= Friedelehe =

Medieval form of Germanic marriage

Friedelehe meaning "lover marriage" is a term for a postulated form of Germanic marriage said to have existed during the Early Middle Ages. The concept was introduced into mediaeval historiography in the 1920s by Herbert Meyer. There is some controversy as to whether such a marriage form, a quasi-marriage, existed but historians who have identified it agree that it was not accepted by the Church.

== Etymology ==
The term Friedelehe means approximately "lover marriage". The modern German word Friedel is derived from the Old High German friudil, which meant "lover", or "sweetheart"; this is in turn derived from frijōn "to love". The OHG friudil was parallel to the Old Norse fridl, frilla, modern Danish and Norwegian frille "lover".

Friedel is compounded with the word Ehe "marriage", from OHG ēha or ēa "marriage", which in turn harks back to the form ēwa, meaning (approximately) cosmic or divine "law". An OHG form friudilēha is itself apparently not attested, contributing to the controversy about the authenticity of the modern term.

== Defining characteristics of Friedelehe according to Meyer ==
According to Herbert Meyer, the characteristics of Friedelehe were:
- The husband did not become the legal guardian of the woman, in contrast to the Muntehe, or dowered marriage.
- The marriage was based on a consensual agreement between husband and wife, that is, both had the desire to marry.
- The woman had the same right as the man to ask for divorce.
- Friedelehe was usually contracted between couples from different social status.
- Friedelehe was not synonymous with polygyny, but enabled it.
- The children of a Friedelehe were not under the control of the father, but only that of the mother.
- Children of a Friedelehe initially enjoyed full inheritance rights; under the growing influence of the church their position was continuously weakened.
- A Friedelehe came into being solely by public conveyance of the bride to the groom's domicile and the wedding night consummation; the bride also received a Morgengabe.
- A Friedelehe was able to be converted into a Muntehe (dowered or guardianship marriage), if the husband subsequently conveyed bridewealth.
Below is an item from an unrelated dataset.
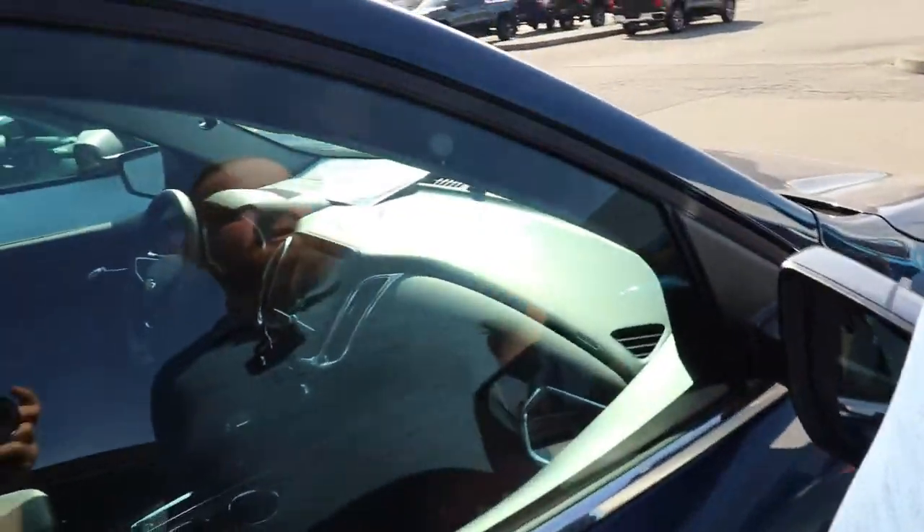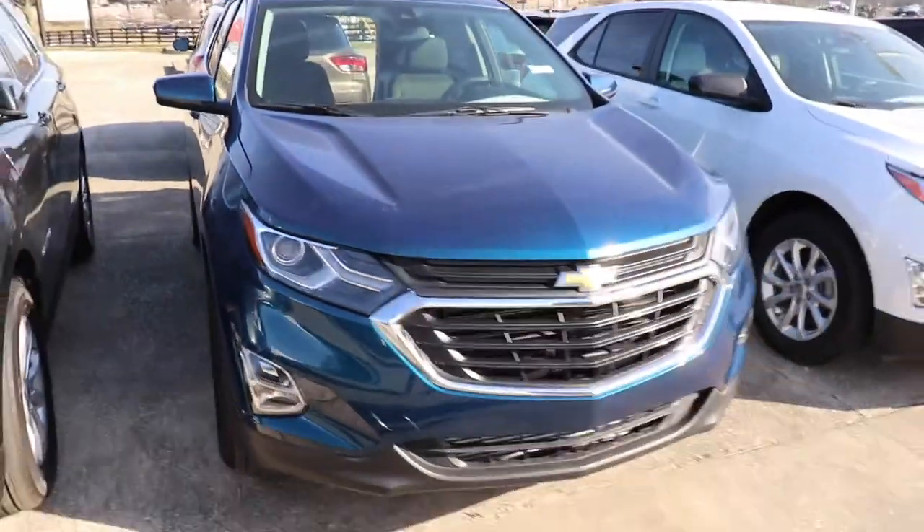It's got a lot of storage in it. If you want to know anything else about this, check us out at jackburford.com, come see us in person, or give us a call at 623-3350.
Perhaps the best known historic individual to have been born under a Friedelehe was Charlemagne who unified much of Europe in the Middle Ages. Most historians agree that he was born on 2 April 742 while his parents, Pepin the Short and Bertrada of Laon, were bound under a private contract, not considered to be a legal union; the couple did not marry until 744. According to Meyer, Friedelehe was declared illegitimate by the Church in the 9th Century. Nevertheless, vestiges of this form of marriage are said have persisted until modern times reflected in the form of the Morganatic marriage (also called left-hand marriage).
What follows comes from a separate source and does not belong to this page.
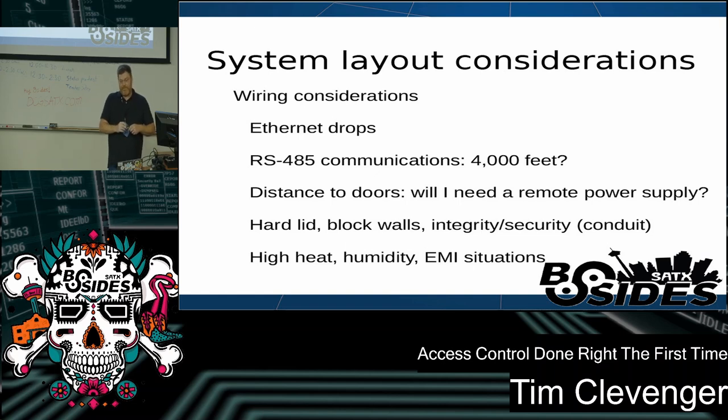RS-485 allows you to daisy-chain up to 31 devices off of your access panel for a total of 64 doors being controlled, and it can go up to 4,000 feet. Please do not do this — it will not work and you will be unhappy. What happens is you get a communications problem somewhere in that 4,000 feet and you're now having to start disconnecting devices to find where the mice chewed through the wires, the foil broke, or somebody installed an electrical transformer that wiped out your communications.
In addition to Friedelehe the aforementioned Muntehe, Kebsehe (concubinage), Raubehe (abduction) and Entführungsehe (elopement) are said to have existed in the Middle Ages.

== Criticism of Meyer's definition ==
According to research in the early years of the 21st century (among others that of Else Ebel, Karl Heidecker and Andrea Esmyol), indications have accumulated providing evidence to the effect that Friedelehe is a mere research artifact, a construct that arose from a faulty interpretation of the sources by Meyer. The following points of criticism have been raised:

- Ebel reviewed the Old Norse sources used by Meyer, and could not confirm Meyer's conclusions. She criticized him for taking some citations out of context, distorting their meaning.
- According to Esmyol, the textual citations used by Meyer all relate either to concubinage or to dowered marriages, and do not lead to any conclusions about the existence of a freer form of marriage such as Friedelehe.
- In addition, Meyer's most frequently used sources date from a time in which, even according to his own opinion, Friedelehe no longer existed.

That Meyer's theory was still able to prevail in this field of research for decades may be attributed to the specific context in which it developed. It was, on the one hand, a time in the 19th and early 20th century characterized by a search for historical models for freer choice in the amatory realm. In later years the Nazi regime ensured that Meyer's theory received attention, since it fit very well into the Nazi ideology emphasizing Germanic heritage and promoting a higher birthrate (cf. Lebensborn).

== Literature ==
- Meyer, Herbert. Friedelehe und Mutterrecht (Friedelehe and Maternal Rights). Weimar 1927 (In spite of the rather old publication date, this continues to be the central work for Friedelehe.)
- Peuckert, Will-Erich. Ehe; Weiberzeit-Männerzeit-Saeterehe-Hofehe-Freie Ehe. Classen, Hamburg.